Небо в очередной раз разверзается (ну что это за путь сиддхов такой, с которого все прямо на голову валятся?!), и из прорехи с оглушительным клекотом рушится Лучший из пернатых!
Разумеется, первое, что замечает Проглот: над бесчувственным Опекуном Мира склонился Равана. Вот-вот проклятый неблагодарный ракшас свернет шею обожаемому господину! И орел наш немедленно кидается на защиту Опекуна, всем телом отшвыривая Деся-тиглавца в сторону.
Будучи оскорблен в лучших чувствах и совершенно озверев от грубого обращения, Равана мигом вскакивает на ноги. После чего, полностью оправдывая свое прозвище, с утробным ревом прыгает к Гаруде, опуская на шею Лучшего из пернатых кулак-кувалду.

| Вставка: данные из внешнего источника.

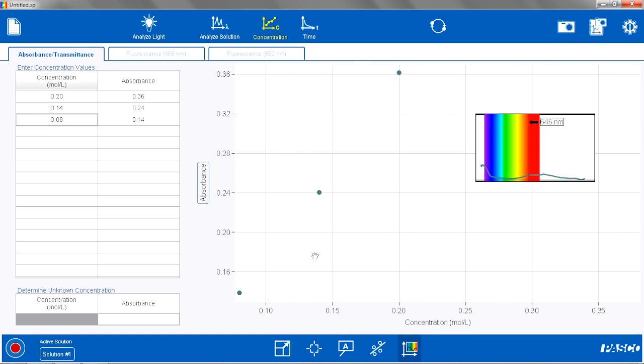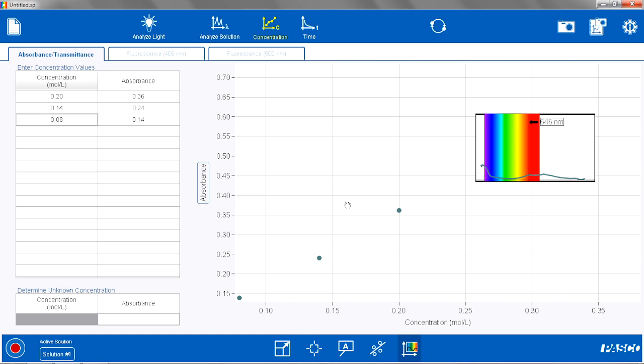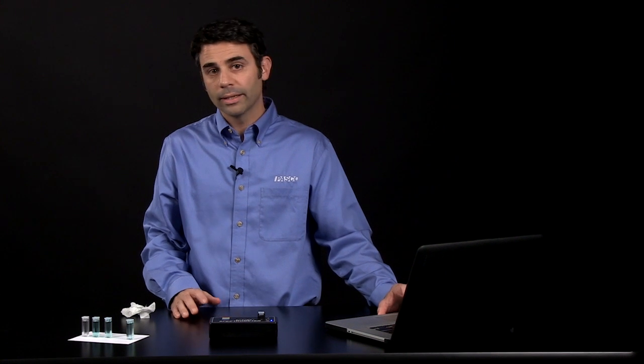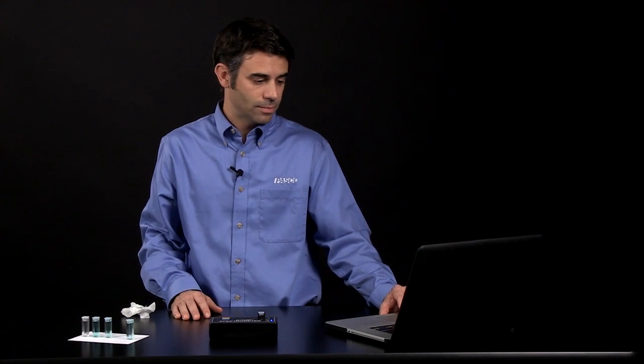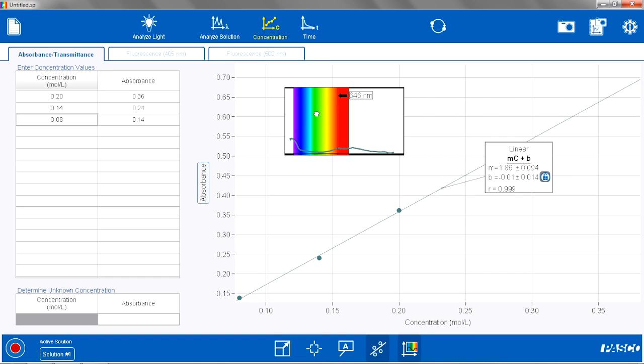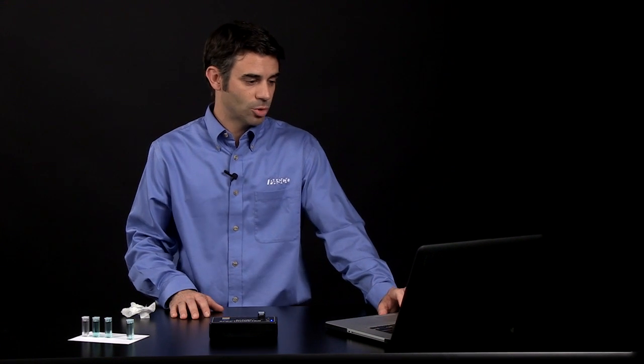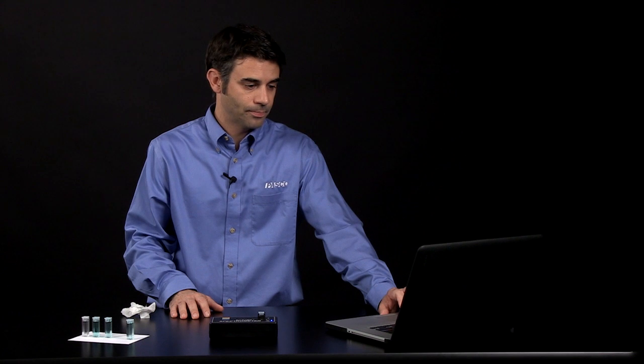I am going to rescale it a little bit so we can see the graph and the full spectrum better. I am going to apply a linear fit to that. I am going to show a linear fit. I can see my linear fit with the slope, the intercept, and the R value of 0.999. Pretty good fit for those concentration and absorbance values.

Ласка царя ракшасов вынуждает Гаруду затрясти головой и опасно накрениться, птицебог сипло каркает, а затем вперевалочку начинает обходить врага по кругу.
«Мертвецким колом».
Равана ждет, нехорошо скалясь в ухмылке.
Под деревом умильно хихикает Жаворонок, потирая ручки, — зрелище приводит достойного мудреца в восторг. Со стороны казарм раздаются вопли, они быстро приближаются, и, обернувшись, я вижу бегущих обратно ракшасов. Часть из них на бегу дожевывает куски парного мяса. Равана тоже отвлекается — и Лучший из пернатых вихрем налетает на Десятиглавца, стараясь ударом клюва раскроить врагу последний оставшийся у Раваны череп.
Спасает Десятиглавца чудо. Белое такое чудо, похожее на ствол дерева шала, очищенный от коры, — оно хлестко падает на спину Про-глота в самый неподходящий момент! Птицебог приседает, разом став слаб в коленках, крякает беременной уткой…
Мой Слон-Земледержец счастливо трубит и вновь замахивается для следующего удара.
— А, так ты еще и хоботом! — мгновенно вспомнив свой старый визит за амритой, клекочет Гаруда, проворно ковыляя в сторону. — Тебе что, мало тогда досталось?! Мало, да?! Да я всю Землю… на одном крыле… — И Проглот начинает быстро увеличиваться в размерах.
Сзади к нему уже подбегают ракшасы-охранники, Айраватта трубит без перерыва — и я понимаю, что шутки закончились.
Оранжевые сумерки в испуге шарахаются прочь, многоцветье туч накидкой обволакивает мои плечи, острый аромат грозы заполняет пространство, и все окружающее — Проглот, Десятиглавец, Словоблуд с Жаворонком-сыном, гневный слон-Земледержец, распростертый на земле Вишну, кусты, деревья, беседки — стремительно проваливается вниз.
Я врастаю в боевой облик, которым не пользовался со времен сожжения леса Кхандавы, в мощь Стосильного, в ярость Стогневного, в доспех Крушителя Твердынь — я исполином возношусь над несостоявшимся побоищем и оттуда, из грозового поднебесья, замахиваюсь огненно-золотым перуном.
Тишина.
Преддверие бури.
И оглушительный громовой раскат вынуждает всех застыть гранитными статуями, когда я ломаю перун об колено, не позволяя пламени обрушиться на Обитель.